I think the discomfort with this situation comes from very foundational conservative thinking. It is a tenent of conservatism that a well ordered and correct society should resemble a pyramid: there should be a few people with wealth, privilege and power (political and otherwise) at the top, supported by a broad base of people with less wealth and less power at the bottom. Including noncitizens in voting upsets this hierarchical model, where outsiders oughtn’t have any political clout at all.
But there’s another element of conservative ideology that is violated by including noncitizens in the electoral process. It is zero-sum thinking that posits any gain for one group results in a loss to another. So handing out rights and and opportunities for political participation will diminish the the rights and opportunities for the rest of us.

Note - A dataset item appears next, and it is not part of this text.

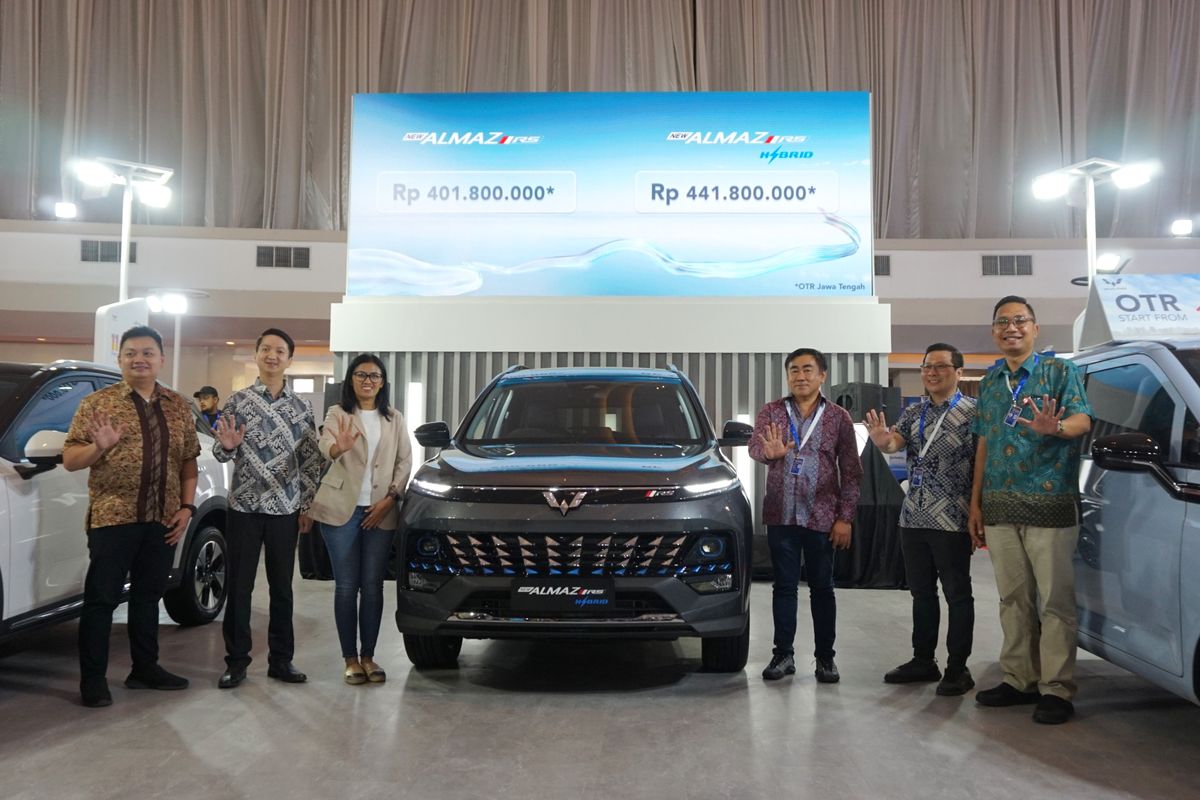 Kendaraan yang paling menarik perhatian pengunjung GIIAS Semarang 2023 adalah New Almaz RS Pro dan New Almaz RS Hybrid.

As a leftist, I can understand this reasoning and see this it is really a functional way of organizing and dealing with people and situations, as long as you are ok with the consequences of of the hierarchal model. I feel that the advantages of such an approach are far outweighed by the disadvantages. I personally don’t think it’s worth it to accept those consequences, nor do I think zero-sum applies well to issues like rights or matters of common good.
wintermute_oregon@lemm.ee 8 months ago
No, it isn’t. I have never heard that from a conservative at all.
Bongo_Stryker@lemmy.ca 8 months ago
Well either you’re not familiar with the regressive underpinnings of modern social conservatism or you want to deny it for some reason, but either way it doesn’t manke me wrong.
wintermute_oregon@lemm.ee 8 months ago
Let’s see your citation for that, otherwise it’s made up garbage.
Bongo_Stryker@lemmy.ca 8 months ago
So for those of you reading along at home this is where wintermute tries to hijack the conversation off the rails into some far off-topic tangent by demanding I teach him about the origins of modern conservatism by going all the way back to Edmund Burke, but no matter what I put forth he’s going to probably not read it and say it’s not valid or “just as I thought, made up garbage” and act like he has somehow invalidated my whole explanation of why people don’t want noncitizens on an elections commission.
So then yeah sure maybe I’m wrong about the whole thing. But why then, why is it a problem that a noncitizen is on an election commission? Why would someone be upset with that, or noncitizens voting in local elections? Either because they are against democracy and don’t believe in voting or for some other mysterious reason. No reason is given. Maybe I’m right and it’s because social stratification is seen as the natural order of things based on individual choices, and to give political power to outsiders is seen as unnatural and disruptive social engineering leading to anarchy and chaos. That’s pretty much what Joseph de Maistre said but hey I’m not here to teach history or connect dots for people who just want to argue.